March 7th in African American History – Clarence Eugene Sasser

Clarence Eugene SasserMarch 7, 1969 Clarence Eugene Sasser received the Medal of Honor, America’s highest military decoration, from President Richard M. Nixon.

Sasser was born September 12, 1947 in Chenanago, Texas. He was drafted into the United States Army in 1967 and by January 10, 1968 was serving as a private first class combat medic in Headquarters Company, 3rd Battalion, 60th Infantry, 9th Infantry Division during the Vietnam War.

His actions that date earned him the medal. His citation partially reads, “His company was making an air assault when suddenly it was taken under heavy small arms, recoilless rifle, machine gun and rocket fire from well fortified enemy positions on three sides of the landing zone. During the first few minutes, over 30 casualties were sustained. Without hesitation, Sp5c. Sasser ran across an open rice paddy through a hail of fire to assist the wounded. After helping one man to safety, was painfully wounded in the left shoulder by fragments of an exploding rocket.

Refusing medical attention, he ran through a barrage of rocket and automatic weapons fire to aid casualties of the initial attack and, after giving them urgently needed treatment, continued to search for other wounded.

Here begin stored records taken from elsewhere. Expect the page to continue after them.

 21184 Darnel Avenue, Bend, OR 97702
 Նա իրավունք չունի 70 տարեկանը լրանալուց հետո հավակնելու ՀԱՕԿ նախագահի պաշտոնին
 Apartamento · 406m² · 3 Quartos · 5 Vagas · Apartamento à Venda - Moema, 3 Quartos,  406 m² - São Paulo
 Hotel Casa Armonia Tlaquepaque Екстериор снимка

Despite two additional wounds immobilizing his legs, he dragged himself through the mud toward another soldier 100 meters away. Although in agonizing pain and faint from loss of blood, Spc5.

Sasser reached the man, treated him, and proceeded on to encourage another group of soldiers to crawl 200 meters to relative safety. There he attended their wounds for five hours until they were evacuated.” After leaving the army, Sasser returned to college as a chemistry student. He then worked for an oil refinery for more than five years before being employed by the U.S. Department of Veterans Affairs. A statue depicting Sasser in Vietnam was unveiled in 2010 in front of the Brazoria County, Texas courthouse.